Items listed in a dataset
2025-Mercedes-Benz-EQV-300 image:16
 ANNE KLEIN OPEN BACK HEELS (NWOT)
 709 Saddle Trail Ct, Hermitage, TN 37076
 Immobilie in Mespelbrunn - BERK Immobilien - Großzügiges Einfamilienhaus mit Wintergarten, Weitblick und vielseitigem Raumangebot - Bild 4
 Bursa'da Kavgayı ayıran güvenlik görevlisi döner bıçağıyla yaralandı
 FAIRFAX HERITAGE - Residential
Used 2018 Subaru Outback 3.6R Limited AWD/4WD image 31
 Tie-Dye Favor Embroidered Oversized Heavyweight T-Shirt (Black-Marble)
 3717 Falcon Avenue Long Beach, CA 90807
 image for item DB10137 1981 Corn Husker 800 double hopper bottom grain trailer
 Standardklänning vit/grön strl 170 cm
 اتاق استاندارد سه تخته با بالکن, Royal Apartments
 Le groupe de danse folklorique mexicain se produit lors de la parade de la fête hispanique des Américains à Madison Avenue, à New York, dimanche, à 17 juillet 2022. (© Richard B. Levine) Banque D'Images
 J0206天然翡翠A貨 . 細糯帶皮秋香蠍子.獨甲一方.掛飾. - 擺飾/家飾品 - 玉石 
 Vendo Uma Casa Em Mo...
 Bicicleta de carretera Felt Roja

* [Required work]:
All lines from the one that holds "Tie-Dye Favor Embroidered" to the end of the entries above must be transcribed exactly, both ends included, and no others.

* [Written answer]:
 Tie-Dye Favor Embroidered Oversized Heavyweight T-Shirt (Black-Marble)
 3717 Falcon Avenue Long Beach, CA 90807
 image for item DB10137 1981 Corn Husker 800 double hopper bottom grain trailer
 Standardklänning vit/grön strl 170 cm
 اتاق استاندارد سه تخته با بالکن, Royal Apartments
 Le groupe de danse folklorique mexicain se produit lors de la parade de la fête hispanique des Américains à Madison Avenue, à New York, dimanche, à 17 juillet 2022. (© Richard B. Levine) Banque D'Images
 J0206天然翡翠A貨 . 細糯帶皮秋香蠍子.獨甲一方.掛飾. - 擺飾/家飾品 - 玉石 
 Vendo Uma Casa Em Mo...
 Bicicleta de carretera Felt Roja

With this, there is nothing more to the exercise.